Snapshot.exe copies the schemas, indexes, and records of published articles from the publisher to the distributor. Then, in the distributor's Snapshot folder, snapshot.exe saves the article schemas in .sch T-SQL script files (as the code snippet in Figure 5, page 48, shows) and saves the indexes in .idx files (as Figure 6, page 48, shows). Finally, the records are stored in.bcp files. Each article has one set of .sch, .idx, and .bcp files.

Also by default, a Distribution Agent's job consists of the same three steps as that of a Snapshot Agent. However, its Run agent step executes distrib.exe, which the code in Figure 7, page 48, shows. Distrib.exe's full syntax is

distrib -Subscriber \[HERTSCHEN3\] -SubscriberDB \[sde\]
 -Publisher \[CGIS1\] -Distributor CGIS1
      -DistributorSecurityMode 1 -PublisherDB \[EGH\]

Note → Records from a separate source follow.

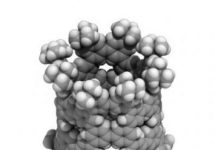 Tech: Nanometer-sized tubes made from simple benzene molecules — (Report)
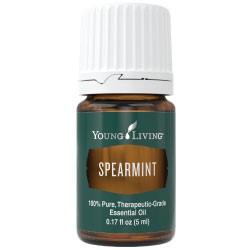 YL Spearmint essential oil Supply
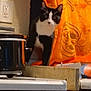 Salem Binkx joined the competition — help win amazing prizes! animal, appliance, black_and_white, blurry, cat, cooking_area, counter, curiosity, curious, domestic, feline, household, indoor, kitchen, orange_towel, pet, pot, pumpkin_design, standing, wall_outlet
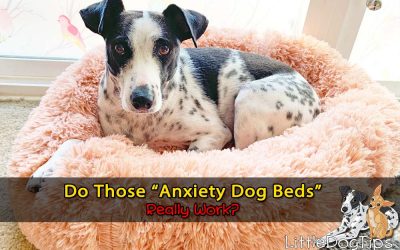Do Those Anxiety Dog Beds Really Work?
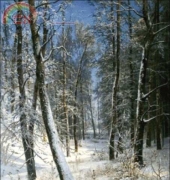 Golden Kite GK 1510 - Winter in Wood (Small)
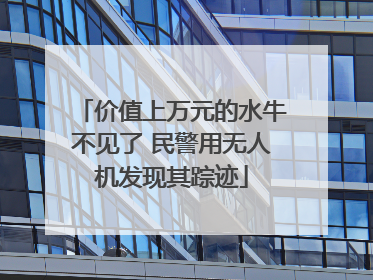 价值上万元的水牛不见了 民警用无人机发现其踪迹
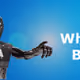 botter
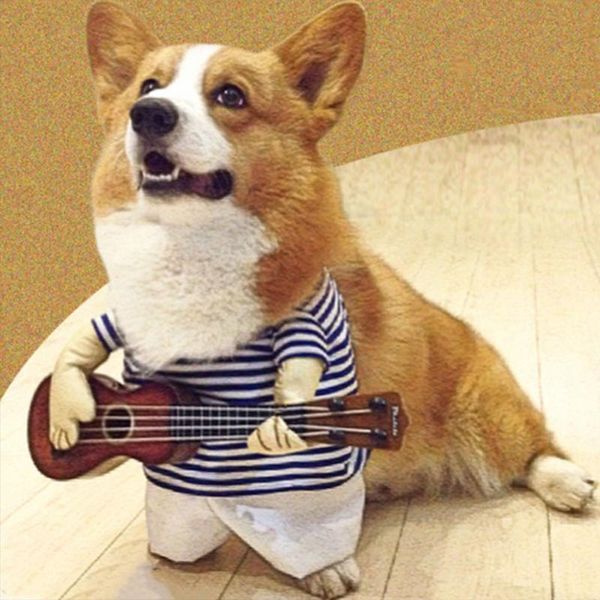 

dog apparel pet guitar clothes guitarist dressing costume fancy dress cosplay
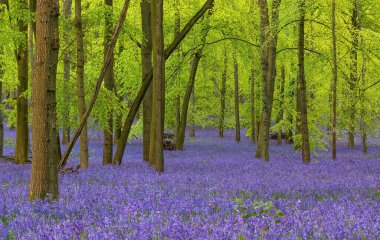 BlueBell 'lerle dolu İngiliz ormanı (Hyacinthoides)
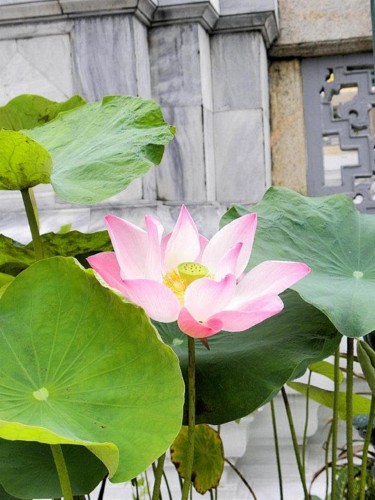 lotus-bangkok-2.jpg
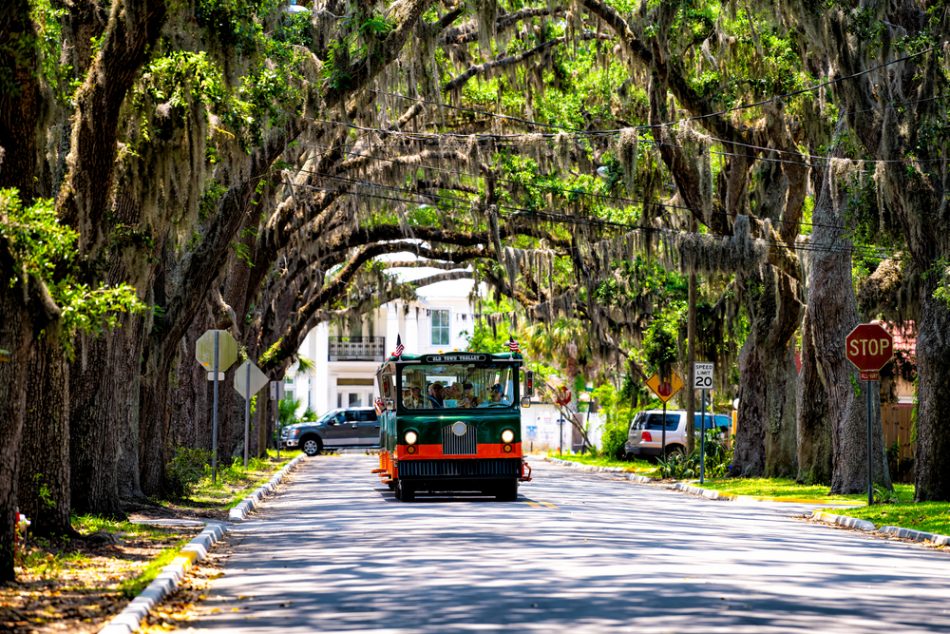Bus under live oaks in Florida street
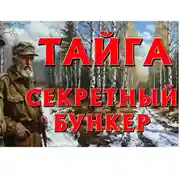 Постер книги ТАЁЖНАЯ ИСТОРИЯ, В ПОИСКАХ ЯПОНСКИХ СОКРОВИЩ ПОСЛЕ ВОЙНЫ. «БУНКЕР ВАСИЛЕВСКОГО», ИСТОРИИ НА НОЧЬ.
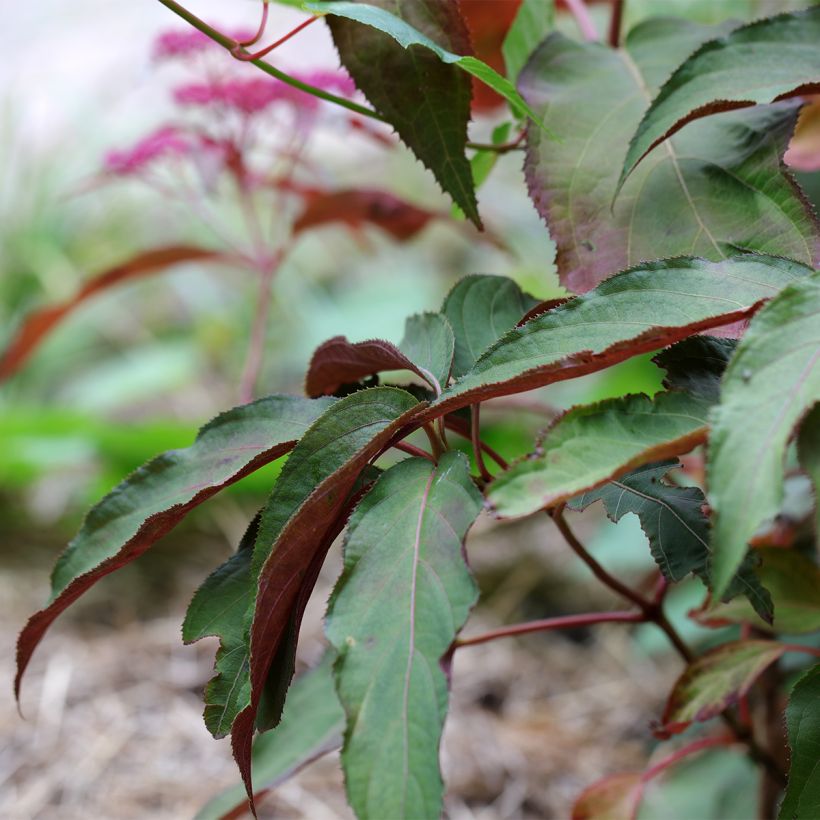 Hydrangea aspera Rosemary Foster - Samthortensie (Foliage)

First, distrib.exe applies the schemas in all the .sch files to a subscription database (for convenience, I call it the sch step). Next, it uses bcp to copy the records from all the .bcp files to the target tables that the sch step creates (the bcp step). Finally, it applies the indexes in all the .idx files to the copied target tables (the idx step).

Snapshot.exe generates each set of .sch and .idx files according to the article properties you set in the Snapshot tab of the respective article's Properties dialog box, as Figure 8, page 49, shows. For example, selecting the Delete data in the existing table that matches the row filter statement option in Figure 8's ADDRESS Properties dialog box adds the DELETE FROM \[ADDRESS\] statement to the .sch file that Figure 5 shows for the ADDRESS article. However, if you select the Delete all data in the existing table (using TRUNCATE) option in Figure 8, a TRUNCATE TABLE \[ADDRESS\] statement results instead. In addition, selecting the Copy...indexes options in Figure 8 adds the CREATE INDEX statements to the .idx file that Figure 6 shows for the ADDRESS article. Conversely, clearing all Copy...indexes options empties the .idx file. Note that in SQL Server 2000, indexes are always saved to the .idx file even if you clear them in Enterprise Manager. To force an empty .idx file, use the sp_addarticle or sp_changearticle store procedures with schema_option = '0x01', as the following example shows:

sp_changearticle 'pubs', 'authors', 'schema_option', '0x01', 1, 1
sp_addarticle @publication = N'pubs', @article = N'authors', @schema_option =
0x0000000000000001, ...

Where Bottlenecks Occur

The Snapshot and Distribution agents perform their tasks according to design, but a couple of these tasks can cause serious bottlenecks that compromise performance. Let's evaluate the agents' performance by applying a standard set of metrics.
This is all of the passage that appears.